Mozambique's cement market is smaller with a cement capacity of 5.2Mta and 14 factories operated by 10 cement producers. Cement capacity is rising with an ongoing Chinese project to add 1.8Mta in Maputo. Cement consumption per capita is currently at around 63.9kg, but by 2025 it is expected to surge to 107.9kg when cement consumption is predicted to reach 3.3Mt. However, much of this will come with the needs of the expanding LNG industry, which is forecast to see infrastructure delays. Moreover, the projects will mainly be concentrated in the north and central part of the country.

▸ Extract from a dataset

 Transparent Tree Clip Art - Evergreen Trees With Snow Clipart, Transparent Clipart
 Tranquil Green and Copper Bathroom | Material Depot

Environmental social governance
The looming challenge for African cement producers is environmental social governance (ESG). Stakeholders, companies and investors are all aware of the commitments that will be needed to reduce CO2. "Those who drive change will be the winners," remarked Mr Hadley. Producers will need to close inefficient and outdated plants and look towards the new, cost-effective factories as well as CO2 reduction measures, such as alternative fuels, clinker substitution and calcined clays.
Turmoil around the corner
While consolidation and overcapacity will have to be addressed, Mr Hadley concluded that the turmoil we have seen in east Africa and south Africa is headed for west Africa. This will be reflected in cement prices and will lead to some major winners and many losers. There are opportunities for acquisitions and consolidation at the lowest-ever multiples. The COVID-19 pandemic may well have simply accelerated these trends.